Ajeet Raina Docker Captain, ARM Innovator & Docker Bangalore Community Leader.

How to Deploy a Stateful Application using Kubernetes? – KubeLabs Glossary

5 min read

StatefulSet is a Kubernetes controller that is used to manage and maintain one or more Pods. However, so do other controllers like ReplicaSets and, the more robust, Deployments. So what does Kubernetes use StatefulSets for? To answer this question, we need to discuss stateless versus stateful applications.

A stateless application is one that does not care which network it is using, and it does not need permanent storage. Examples of stateless apps may include web servers (Apache, NginX, or Tomcat).

On the other hand, we have stateful apps. Let’s say you have a Solr database cluster that is managed by several Zookeeper instances. For such an application to function correctly, each Solr instance must be aware of the Zookeeper instances that are controlling it. Similarly, the Zookeeper instances themselves establish connections between each other to elect a master node. Due to such a design, Solr clusters are an example of stateful applications. If you deploy Zookeeper on Kubernetes, you’ll need to ensure that pods can reach each other through a unique identity that does not change (hostnames, IPs…etc.). Other examples of stateful applications include MySQL clusters, Redis, Kafka, MongoDB, and others.

Given this difference, Deployment is more suited to work with stateless applications. As far as a Deployment is concerned, Pods are interchangeable. While a StatefulSet keeps a unique identity for each Pod it manages. It uses the same identity whenever it needs to reschedule those Pods.

Exposing a StatefulSet

A Kubernetes Service acts as an abstraction layer. In a stateless application like an Nginx web server, the client does not (and should not) care which pod receives a response to the request. The connection reaches the Service, and it routes it to any backend pod. This is not the case in stateful apps. In the above diagram, a Solr pod may need to reach the Zookeeper master, not any pod. For this reason, part of the Statefulset definition entails a Headless Service. A Headless Service does not contain a ClusterIP. Instead, it creates several Endpoints that are used to produce DNS records. Each DNS record is bound to a pod. All of this is done internally by Kubernetes, but it’s good to have an idea about how it does it.

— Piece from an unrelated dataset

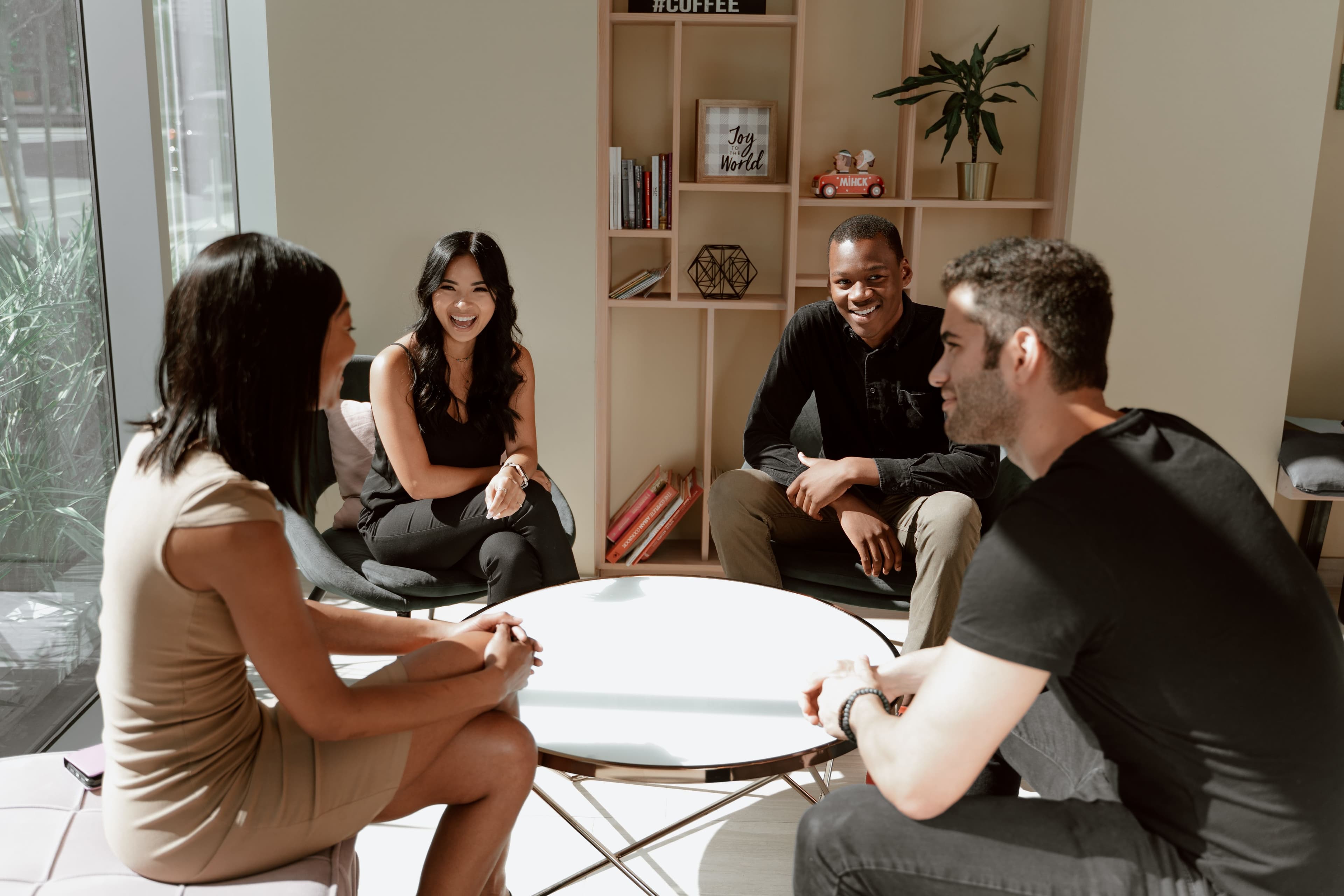 Business leaders networking over coffee around a table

Deploying a Stateful Application Using Kubernetes Statefulset

If you look at web_stateful.yaml file, you will find a snippet around how we are deploying a stateful application. For simplicity, are we using Nginx as the pod image. The deployment is made up of 2 Nginx web servers; both of them are connected to a persistent volume. For example, look at web_stateful.yaml file under the current location.

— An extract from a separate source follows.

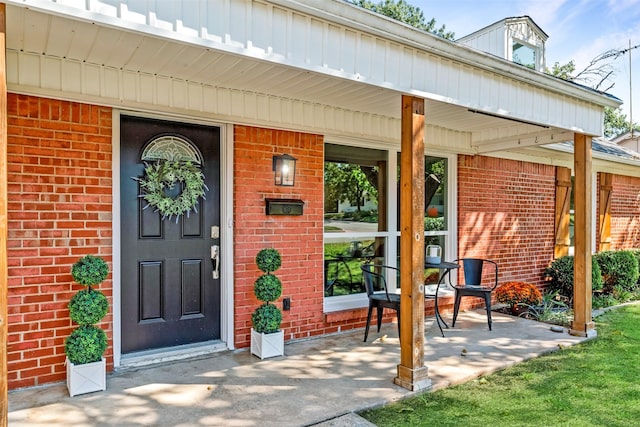 entrance to property with covered porch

Before we start discussing the details of this definition, notice that the file actually contains two definitions: the storage class that the StatefulSet is using and the StatefulSet itself.

Storage Class

Storage classes are Kubernetes objects that let the users specify which type of storage they need from the cloud provider. Different storage classes represent various service quality, such as disk latency and throughput, and are selected depending on the scenario they are used for and the cloud provider’s support. Persistent Volumes and Persistent Volume Claims use Storage Classes.

Persistent Volumes and Persistent Volume Claims

Persistent volumes act as an abstraction layer to save the user from going into the details of how storage is managed and provisioned by each cloud provider (in this example, we are using Google GCE). By definition, StatefulSets are the most frequent users of Persistent Volumes since they need permanent storage for their pods.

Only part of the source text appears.